In her new feature, co-writer-director Fabienne Berthaud attempts to portray personal reinvention in the face of turmoil, a novel gaze upon the mid-life crisis. This endeavor is largely a failed one. Sky is plagued by nonsensical narrative twists, a lack of charisma and pathos in key performances, a reduction to contrived melodrama in the final act and overzealous editing.

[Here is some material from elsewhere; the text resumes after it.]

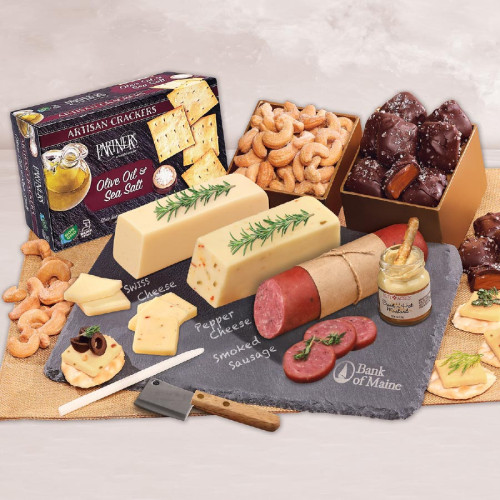 Genuine Slate Cheese Plate with Party Favorites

Sky tells the story of Romy (Diane Kruger), a French tourist on holiday to the U.S. West with her husband Richard (Gilles Lellouche). Their relationship is clearly in turmoil and Richard continues to escalate the tension. After a drunken display, he attacks his wife, who defends herself and flees in despair. Throughout the rest of the film, she struggles for self-reinvention as an unmarried woman. Her confidence and independence wax and wane, she hitchhikes, moves into a shared room in Las Vegas and hooks up with a casino carouser, Diego (Norman Reedus). Diego strikes a nerve in Romy and she follows him to his home in the southern California desert. There, she meets his trailer-park sister-in-law Billie (Lena Dunham, in a ridiculous and offensive role), finds a job at a diner and achieves both personal triumph and tragedy.

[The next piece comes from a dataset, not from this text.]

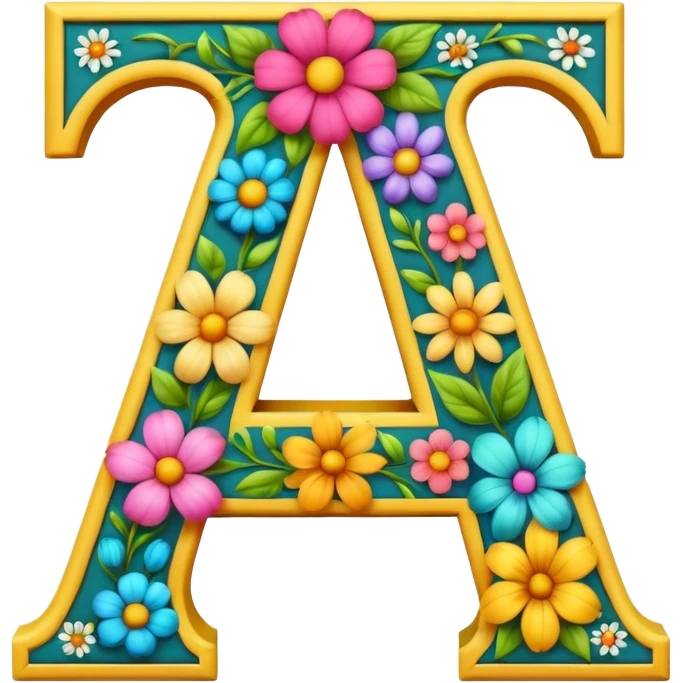 Floral letter A emoji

The film’s biggest issues are related to Romy. Her journey through the desert lacks any narrative sense. The poorly-constructed plot is exacerbated by the way the lead character is portrayed. She comes across as flat and inconsistent. Berthaud is seemingly going for a profound inconstancy and emotional brokenness, but neither Kruger’s performance nor the script allows for this. Romy is at times vulnerable and vacant and at others assertive and in control. Berthaud did not give Kruger the guidance to know what she is supposed to be playing. At the beginning of Sky, Romy is artfully taking photos, suggesting some mystical sensibility or love of nature. But aside from a half-baked encounter with a Native American co-worker’s grandmother, the film never returns to this version of Romy. She is not the creative wanderer in the wilderness; rather, she is imminently practical and painfully myopic. Her driftlessness seems intended as an important statement on twenty-first century living, but the execution is off and it suggests instead poor filmmaking.

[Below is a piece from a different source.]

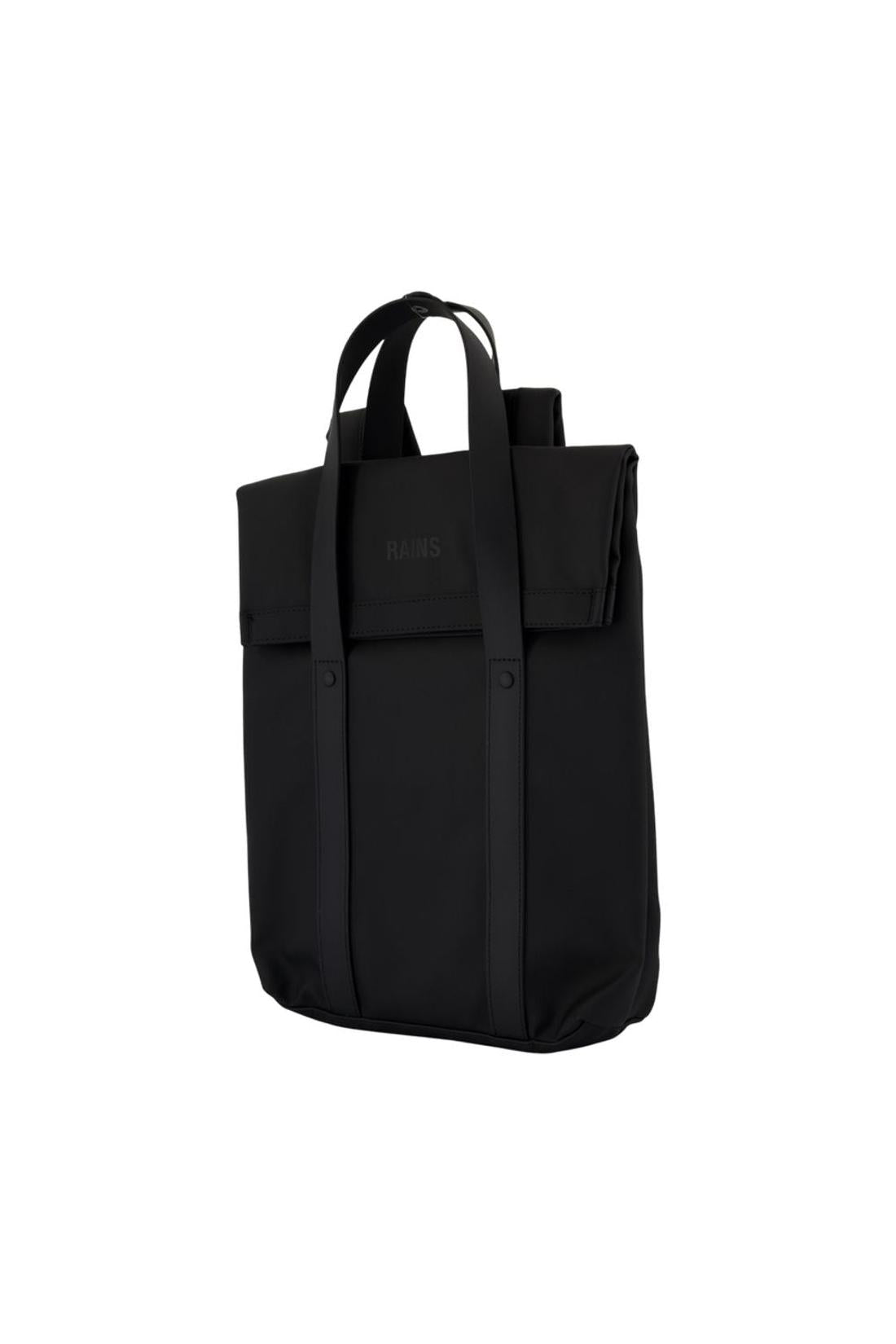 Cabas Tote Bag Mini W3 - RAINS - Synthetik - Schwarz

Romy’s inconsistency is mirrored in other aspects of the film. Sky starts as a road movie, drifts into noir territory and at times looks and feels like the collision of arthouse and grindhouse of ‘70s Hollywood. For fleeting moments, the atmosphere is outright Lynchian. Nathalie Durand’s cinematography during these moments is breathtaking, capturing desert vistas, driving sequences and Vegas neon in captivating and evocative ways. Unfortunately, the film eventually abandons these atmospheric moments and becomes a family/relationship melodrama in the worst possible sense. It exaggerates tired filmic tropes, displaces Durand’s photography for exposition and ignores gaping plot holes. Romy, for instance, is apparently immune to property and immigration laws. The climax arrives without explanation, is predictable and leads to a ludicrously unearned denouement.
For the sake of fairness, all of Sky’s shortcomings should not be placed on Berthaud. Auteur theory is tempting, but filmmaking is an act of collaboration and it seems that much of Sky was left in the cutting room. Surely Duane, a trucker played by Lou Diamond Phillips, originally had more than one line in the film. Many of the relationships Romy forms with subsidiary characters are under-explained or aborted, another probable product of intensive editorial intervention.
The film attempts to portray self-discovery, human relationships and the despair of unmoored feminine existence. These are some of the grandest ideas tackled in cinema, and conjure names as diverse as Cassavetes, Malick and (early) Fellini. Sky, however, fails to back up its claims with anything of substance. Romy is no woman under the influence, nor is she Cabiria’s heir, even if her story has definitive echoes of each.